Tracey Hand (tracerhand), Tuesday, 18 July 2006 17:43 (nineteen years ago)

So what was the politically canny reason Hezbollah started this shit? A good portion of the Lebanese population pissed at you, much of the Arab world embarrassed, Israel tearing up your country and probably about to decimate your organization. I don't see their action as very canny.

It doesn't work as a political play, and the earlier stuff about this as a 'military victory' is even sillier. Wow, stole 2 soldiers, you sure defeated that Israeli army.

starke (starke), Wednesday, 19 July 2006 00:33 (nineteen years ago)

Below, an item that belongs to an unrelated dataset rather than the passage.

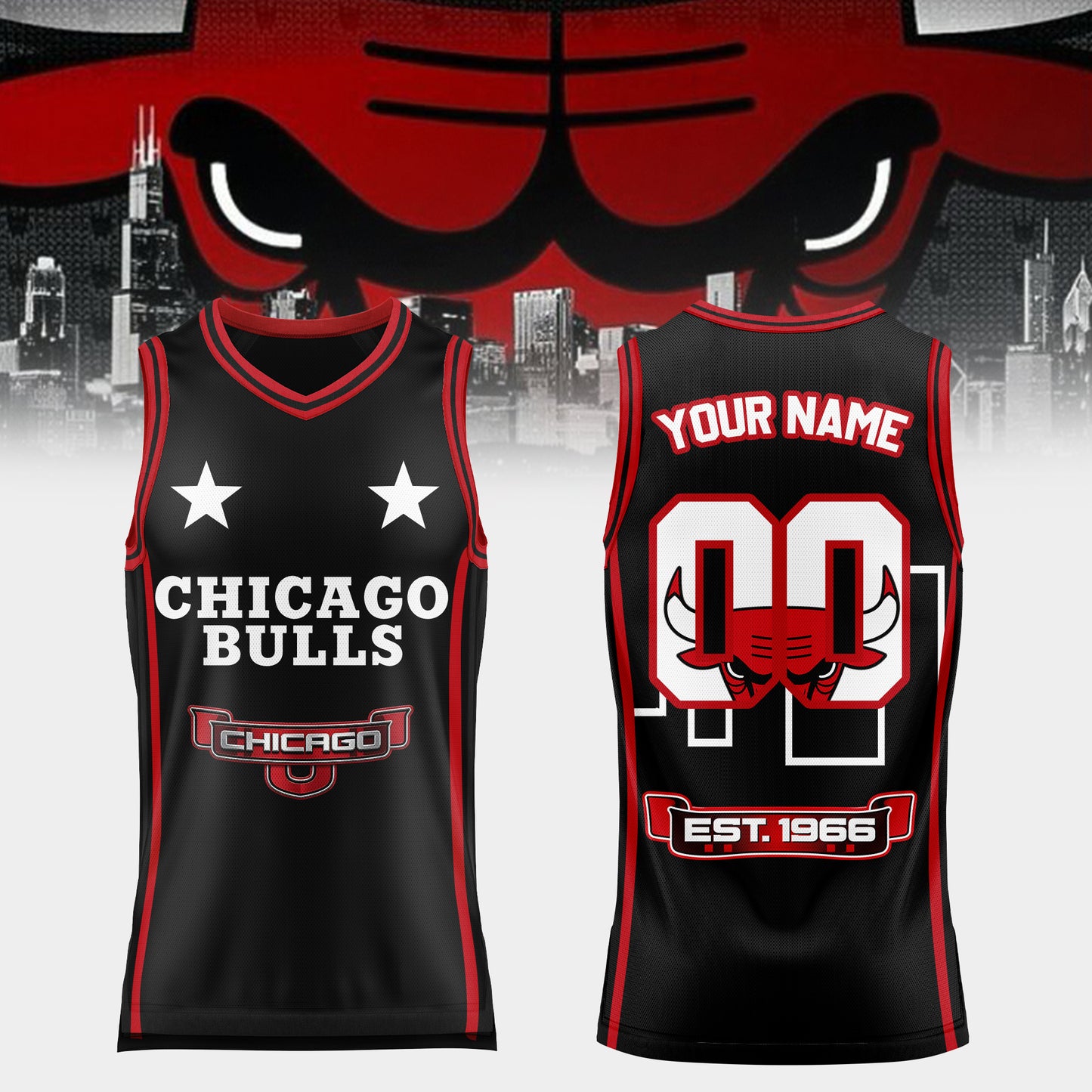 Chicago Bulls Skyline Fan Jersey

they're determined to defeat the "Prisoner Plan" that Abbas threatened to call a referendum on, which would offer more concessions than they wanted to make - i.e. any at all - i.e. it actually has (had) a chance in hell of working out. stirring Israel into extremist retaliation does this very handily and ups their status as defenders of Palestine/enemies of Israel/whateverthefuck

Tracey Hand (tracerhand), Wednesday, 19 July 2006 00:39 (nineteen years ago)

Supposedly Abbas's plan, on which the referrendum was to be called, would also reck-o-nize the state of Israel. I did hear a theory floated that Hamas was afraid the majority of Palestinians would vote yes and hence undermine everything they stand for. I really don' tknow.

Abbadavid Berman (Hurting), Wednesday, 19 July 2006 00:43 (nineteen years ago)

Hamas yeah, but Hezbollah? I find it hard to imagine that they graphed out the cost-benefits of this, decided it was politically advantageous and then went through with it.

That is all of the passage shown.